Was Quantenphysik, Superposition und ein berühmtes Gedankenexperiment mit unserem Instagram-Verhalten zu tun haben – und warum wir online gleichzeitig authentisch und inszeniert sind.

Editorial-Schwarz-Weiß-Foto mit rotem Akzent: eine Katze sitzt in einer durchsichtigen Glasbox neben einem Smartphone, das Display leuchtet in einem einzelnen tiefen Rot als einzige Farbe im Bild, Chiaroscuro-Studiolicht, Katze halb im Licht und halb im Schatten als Bild der Superposition

Warum verhalten wir uns anders oder komisch, wenn wir uns beobachtet fühlen? Und was haben Quantenphysik, Schrödingers Katze und Instagram damit zu tun?

Ein berühmtes Gedankenexperiment der Quantenphysik von Atomwissenschaftler Erwin Schrödinger, das als „Schrödingers Katze" bekannt ist, stellt uns vor die Frage, wie sich das Verhalten eines Objekts ändert, wenn es beobachtet wird. Doch auch außerhalb der Welt der Physik können wir ähnliche Phänomene in unserem täglichen Leben beobachten. Ein Beispiel dafür ist die Auswirkung der Beobachtung auf unser Verhalten und wie diese Dynamik im Zeitalter von Instagram verstärkt wird.

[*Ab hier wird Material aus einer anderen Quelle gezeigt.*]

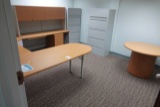 OFFICE COMBO W/DESK, TABLE, FILE CABINETS & DRY ERASE BOARD X1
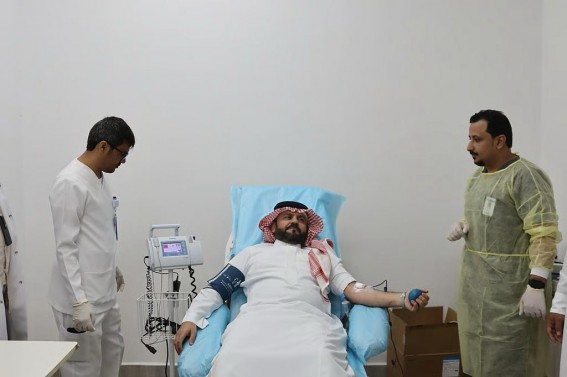 هيئة تطوير المناطق الجبلية بجازان تنظّم حملة تبرع بالدم دعمًا للحملة الوطنية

In Schrödingers Gedankenexperiment wird eine Katze in einer undurchsichtigen Box platziert, zusammen mit einer Substanz, die potenziell tödlich sein kann. Solange die Box geschlossen bleibt und wir das Innere nicht beobachten, existiert die Katze in einem Zustand der Superposition – sie ist sowohl tot als auch lebendig. Erst wenn wir die Box öffnen und die Katze beobachten, kollabiert dieser Zustand zu einem eindeutigen Ergebnis. Ja, ich weiß, bei dieser Vorstellung bekommt man echt einen Quantenknoten in den Synapsenwindungen.

Runtergebrochen und vereinfacht gesagt, hat die reine Beobachtung eine immense Kraft und Macht. Denn sie verändert den Zustand und das Verhalten des beobachteten Objekts. Sie kann sogar, im Falle von Schrödingers Katze, über Leben und Tod entscheiden.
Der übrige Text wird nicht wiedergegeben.